By: Sophia Tuinman, Colin Wang, Francesca Delmolino
We restructured our accelerometer data (all_accelerometer_data_pids_13.csv
) and reconciled it with the TAC data (clean_tac.csv
) of the 13 viable participants. After processing the data, we assigned binary classifications to each reading [0 (not-intoxicated), 1 (intoxicated)] where intoxicated is when TAC >= 0.08. Lastly, with this processed data, We used upsampling to fill in the sporadic data readings to fill in those gaps. Our method was: a participant is sober until their first intoxicated reading, and their intermediate synthetic readings will have the intoxicated classification until their next non-intoxicated reading from the TAC monitors (the non-synthetic data).
Last Observation Carried Forward (LOCF): Replaces missing values with the last known value. Works well for data with rising or constant trends, but can distort trends if they change direction.
Originally the dataset was about ~82.5% sober, what we did was then extract a subset of the data so that for each participant we had ~60% sober and ~30% intoxicated.
As our next step, we used our data to generate features. To do this, we grouped our data into 4-second windows and labeled each window with the last TAC label. For each window, we calculated mean, standard deviation, median, zero crossing rate, and absolute max features for each of the x, y, z, and magnitude (except for zero crossing rate), while the spectral features were calculated on the fast Fourier transforms conducted on x + y + z of the accelerometer data.
These features, and their corresponding labels, were used as inputs for our baseline random forest model and gradient boosting model. For our training and testing of our data, we used 13-folds where each iteration isolated a participant’s data to be used for testing. This allows for our models to learn from a substantial amount of data, capturing patterns and trends present in the time series.
Our Random Forest Baseline produced an average accuracy of 81%, surpassing the performance of the original study (77.5%). However, upon further investigation, we found that it struggled in accurately predicting intoxicated ratings.
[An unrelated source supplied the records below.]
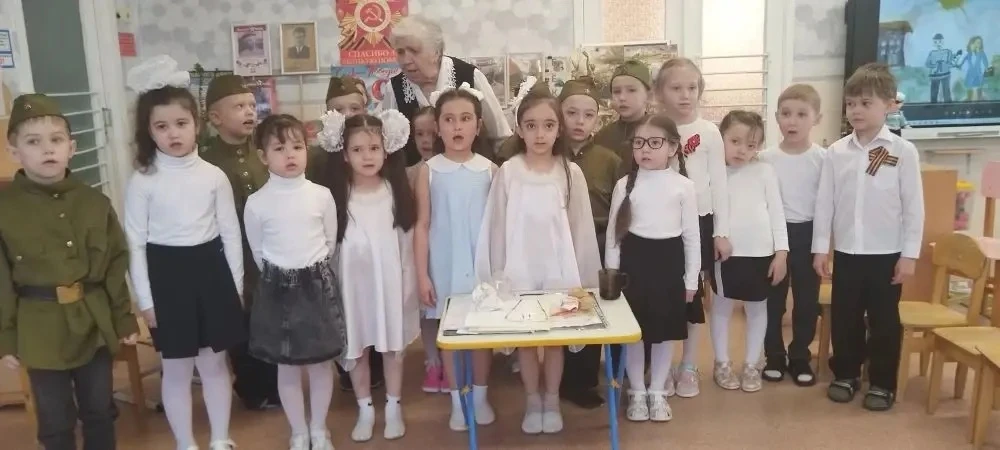 «Дитя войны потомкам расскажи, какой ценой досталась та Победа!»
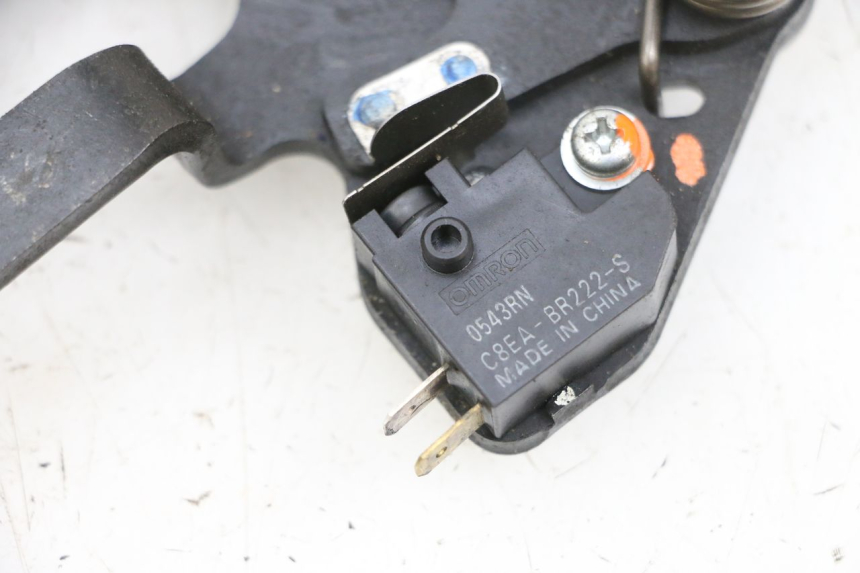 photo de DŹWIGNIA HAMULCA POSTOJOWEGO SUZUKI BURGMAN 650 (2013 - 2020) - Zbliżenie techniczne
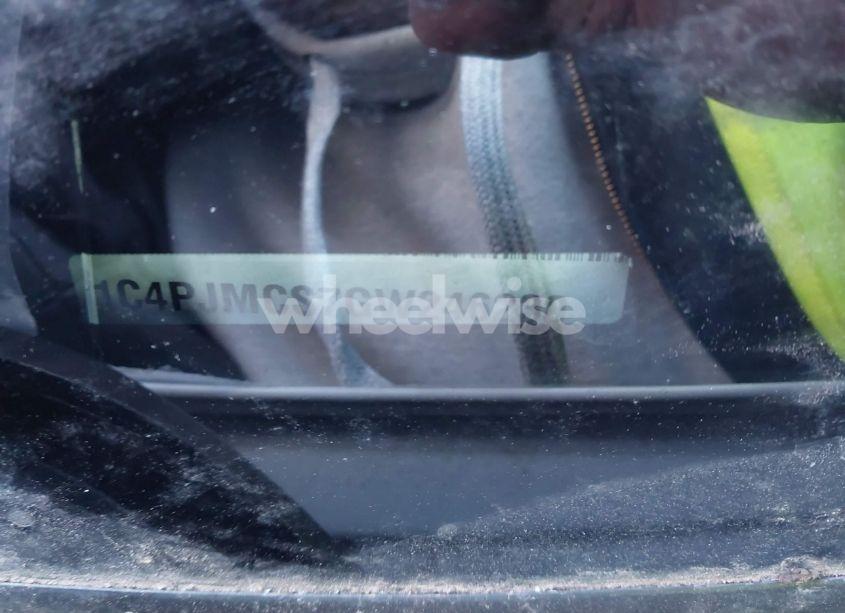 Photo 9 of 2016 Jeep Cherokee LATITUDE (VIN 1C4PJMCS7GW246230)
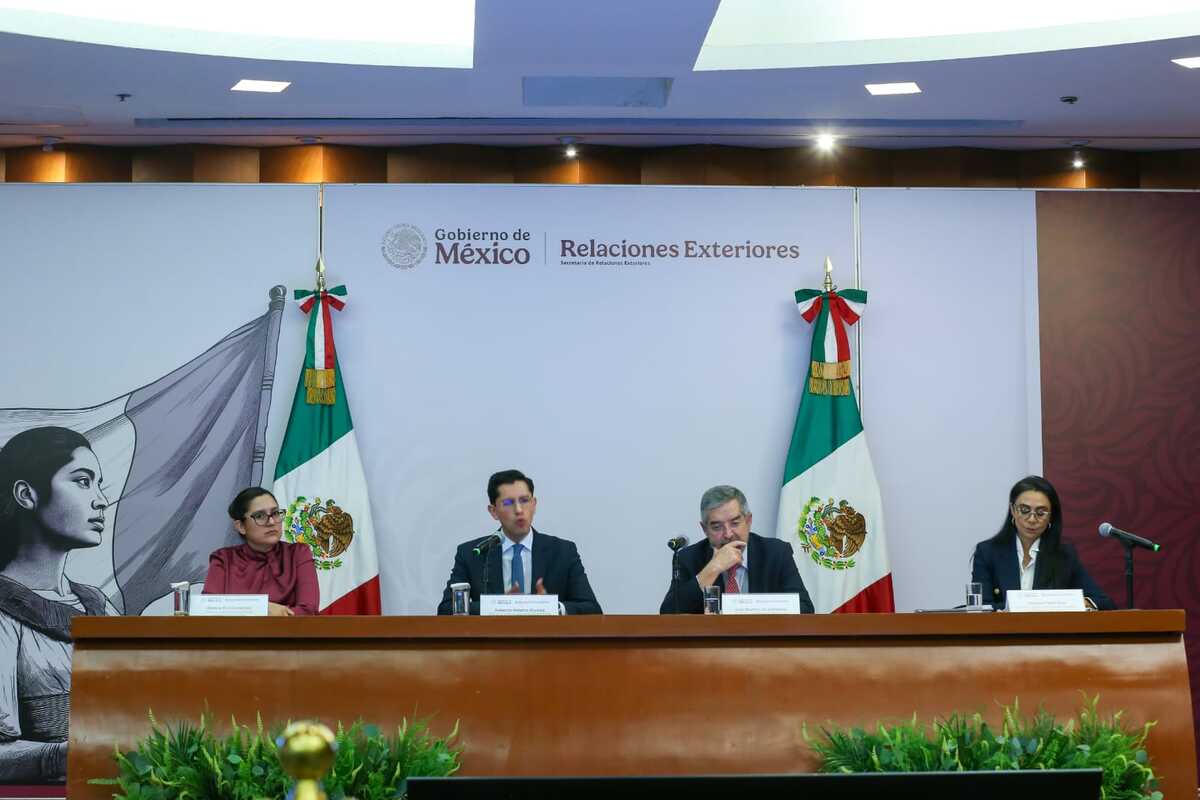 Conferencia de prensa para dar a conocer las acciones de protección para mexicanos en Estados Unidos. | Araceli López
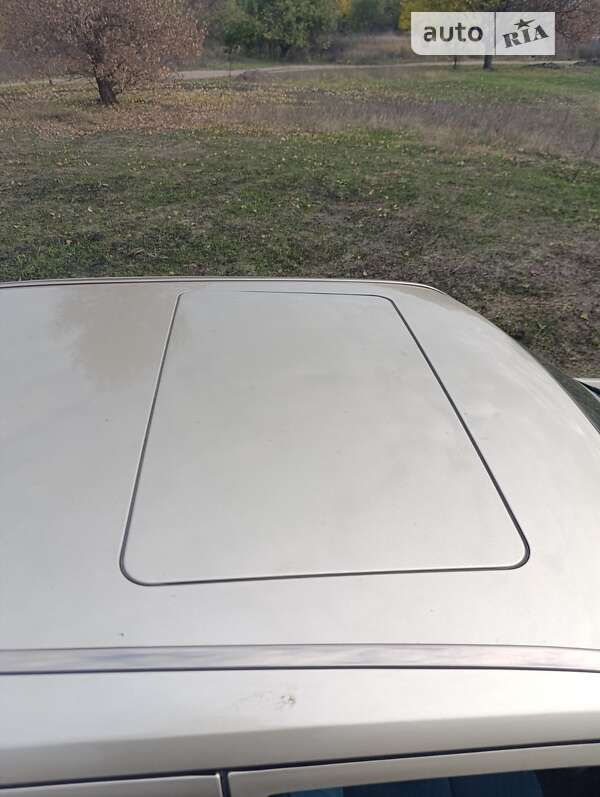 Седан Mercedes-Benz E-Class 1990 в Черкасах фото 11 Седан Mercedes-Benz E-Class 1990 в Черкасах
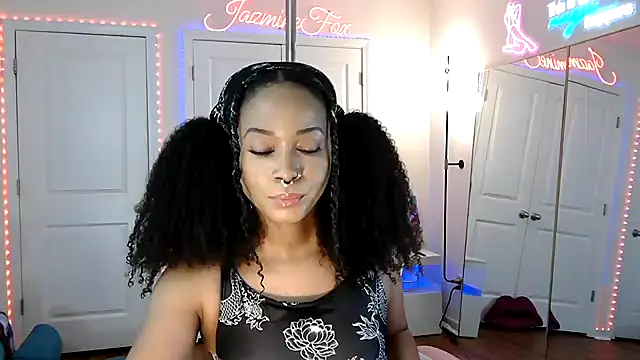 JazmineFoxx online show from May 5, 2026, 4:15 pm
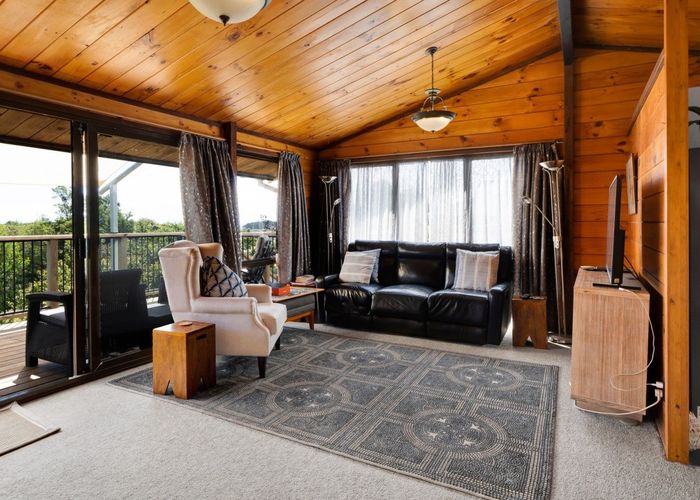  at 17A St Ives Grove, Whalers Gate, New Plymouth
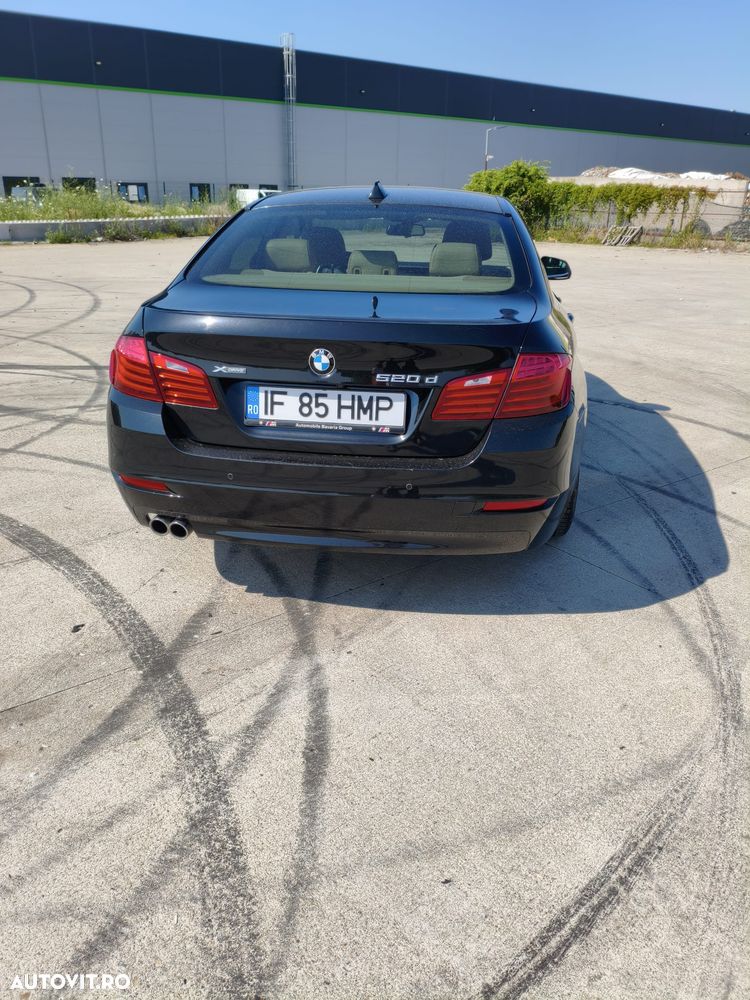BMW Seria 5 520d xDrive AT - 2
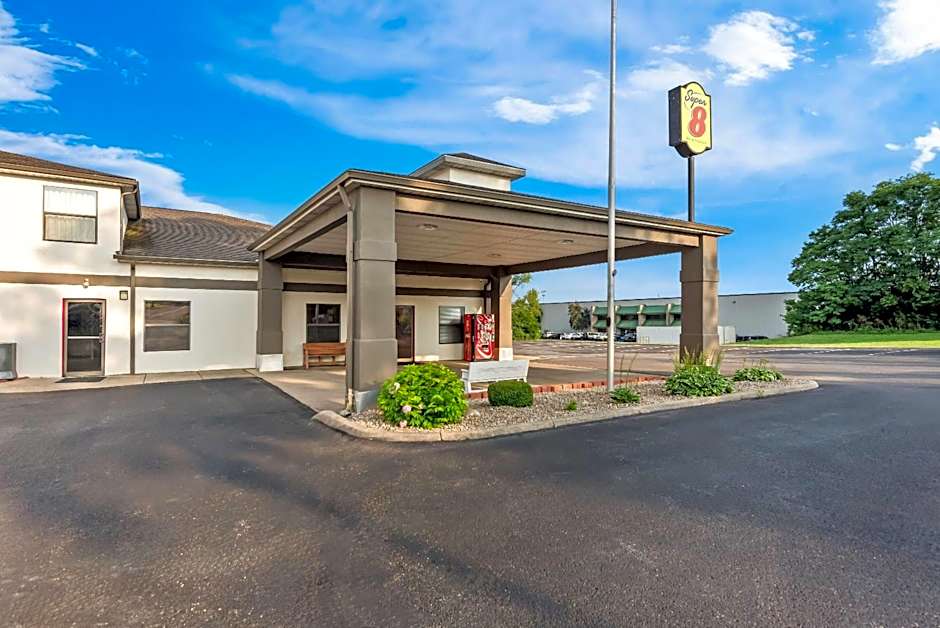 Super 8 by Wyndham Bellefontaine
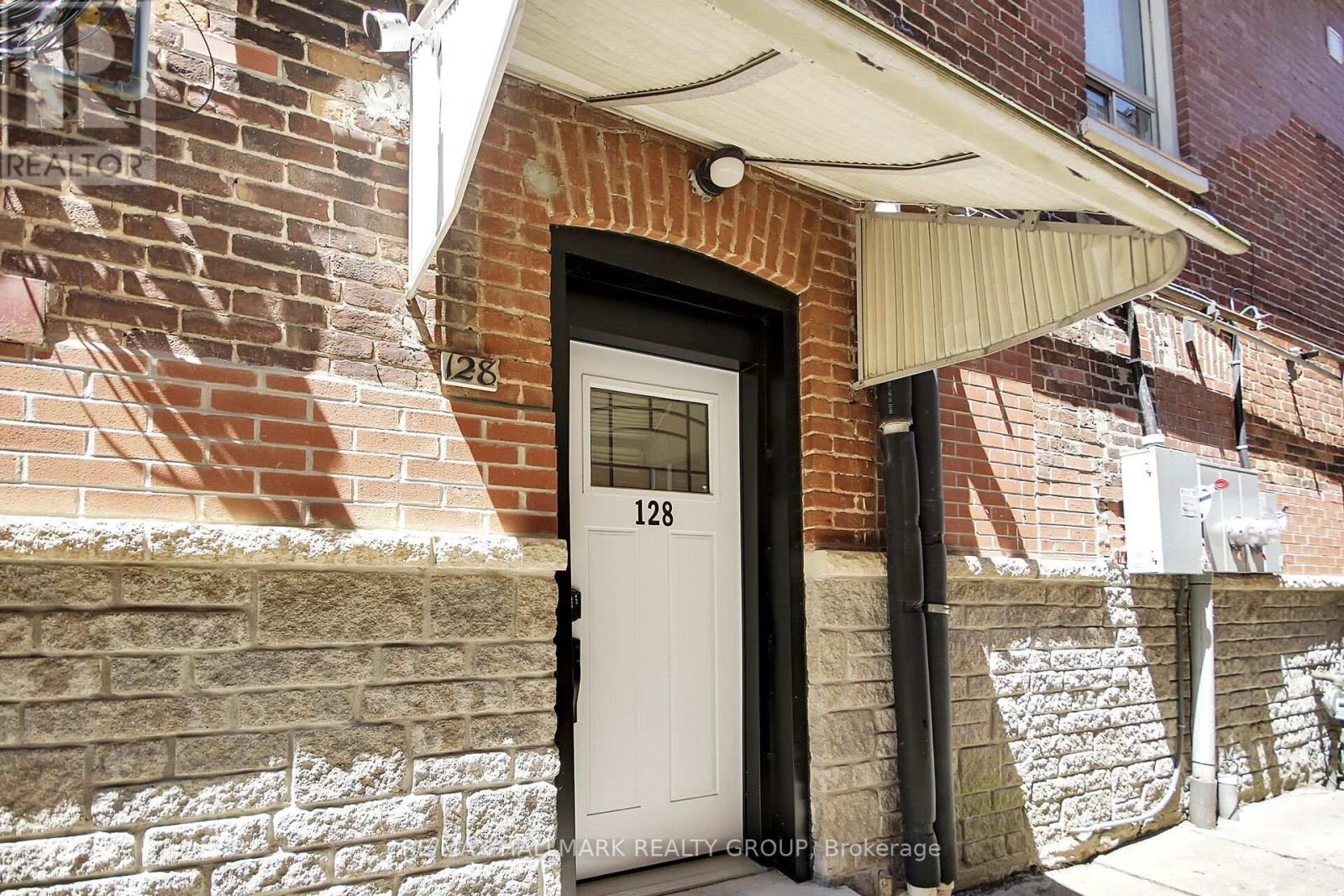 2nd Floor - 128 Prescott Street, North Grenville, Ontario  K0G 1J0 - Photo 3 - X12381473
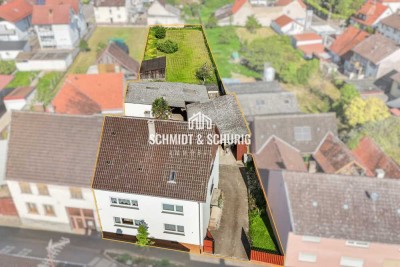 Zweifamilienhaus mit Dachausbaupotenzial und großem Gartengrundstück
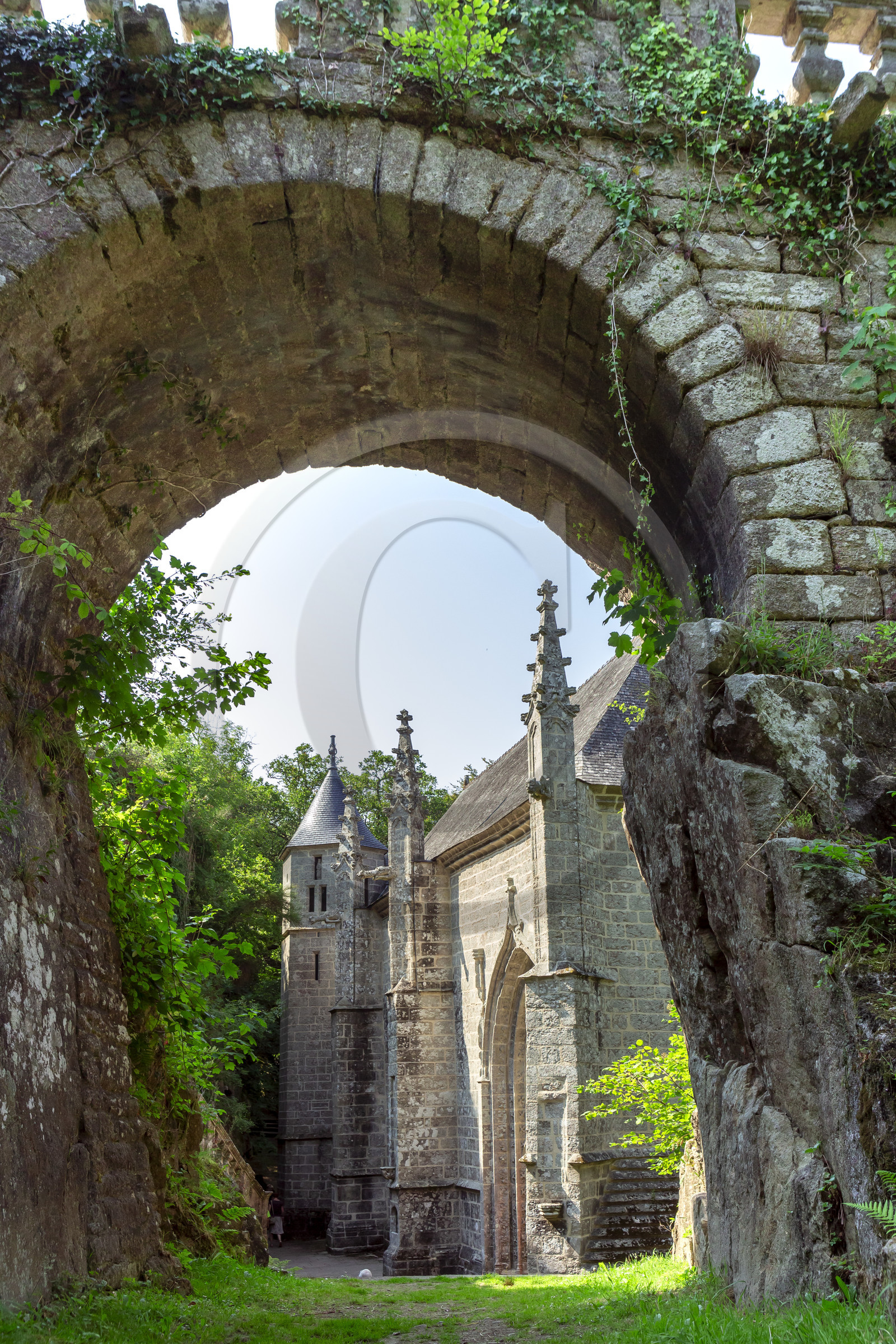 La chapelle Sainte-Barbe au Faouët (56).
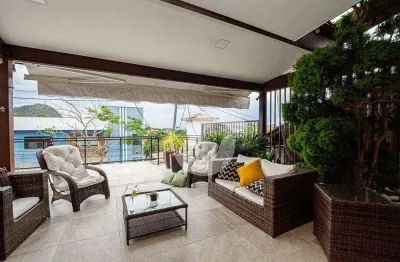 Casa com 3 dormitórios à venda, 240 m² por R$ 1.175.000,00 - Pendotiba - Niterói/RJ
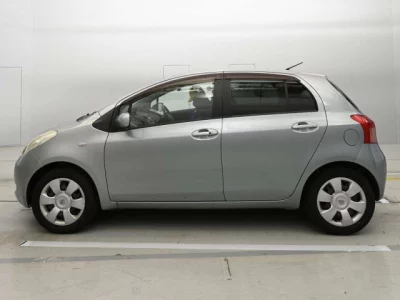 Toyota VITZ  с аукциона в Японии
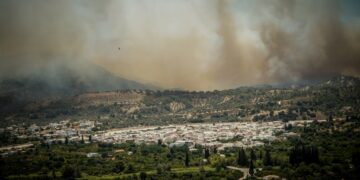 Στιγμιότυπο από την πυρκαγιά που κατακαίει τη Ρόδο για έβδομη συνεχή ημέρα (φωτ.: EUROKINISSI/Αργύρης Μαντικός)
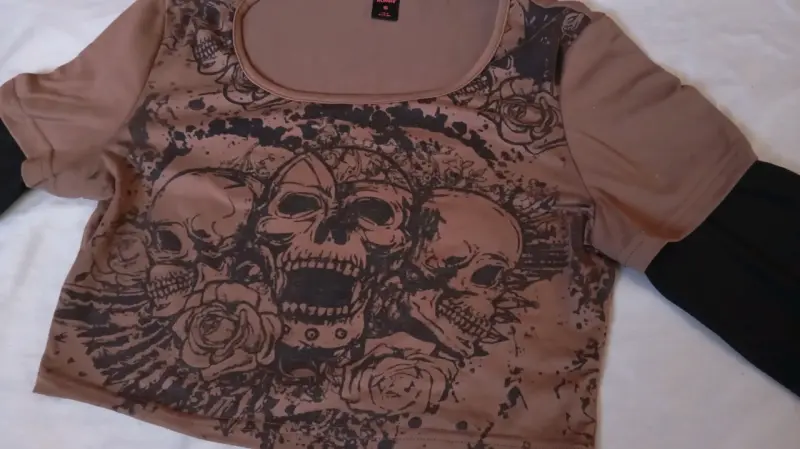 Polera manga larga con diseño de calaveras - 2
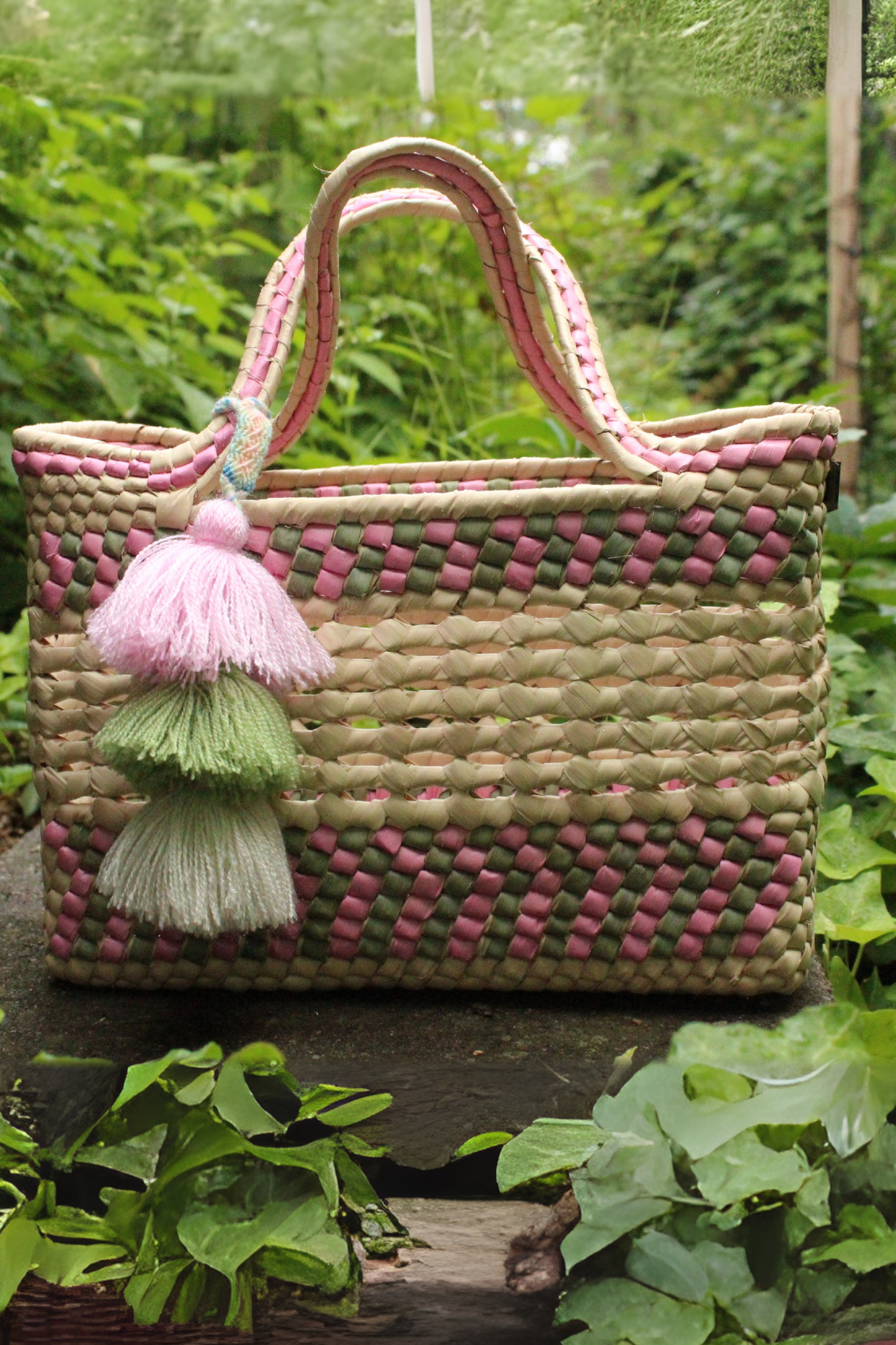 Palm Net Yatzil in Rose / Garden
To remedy this, we worked to balance the data by sampling less sober data that may not be predictive. To assess its performance rigorously, we implemented leave-one-out cross-validation with 13 folds, systematically designating one participant's data as the test set in each iteration. Notably, we obtained a notably high accuracy score of 90% with participant MC7070 as our test subject. We attribute this success to the more balanced ratio of intoxicated versus sober readings in MC7070's data, highlighting the importance of data balance in achieving accurate predictions.
Additionally, we used RandomizedSearchCV() to tune hyperparameters, which did not end up improving the general Boosting model. Additionally, attempts to optimize hyperparameters using RandomizedSearchCV() did not yield significant improvements in the overall accuracy of the Gradient Boosting model. Notably, a specific configuration of hyperparameters (learning_rate=0.3, n_estimators=100, max_depth=5, subsample=0.8, random_state=42) led to worse overall accuracy, as the model tended to predict all instances as sober. Overall, Gradient Boosting produced a best accuracy of 88.52% on test participant SA0297, with a 99.49% accuracy for sober observations and 55.29% accuracy for intoxicated participants. This was a drastic improvement from other participants which tend to have less than 5% accuracy when predicting intoxicated observations.
Convolutional neural networks capture local patterns in time series data, which is why we initially thought this model would perform well. Unfortunately, our first few attempts with raw accelerometer data produced accuracies of 0.0%. This was due to the fact that the data inputted had covered large durations of time (several hours), which meant the model was trying to capture global patterns. So, we changed our approach by segmenting the time series data into smaller windows of time – several seconds. However, we were still unable to accurately predict TAC. We considered converting the accelerometer data into an image. At this point we had sunk a lot of time into the model and it made more sense to try a different model than to keep restructuring the data that was fed into the CNN model.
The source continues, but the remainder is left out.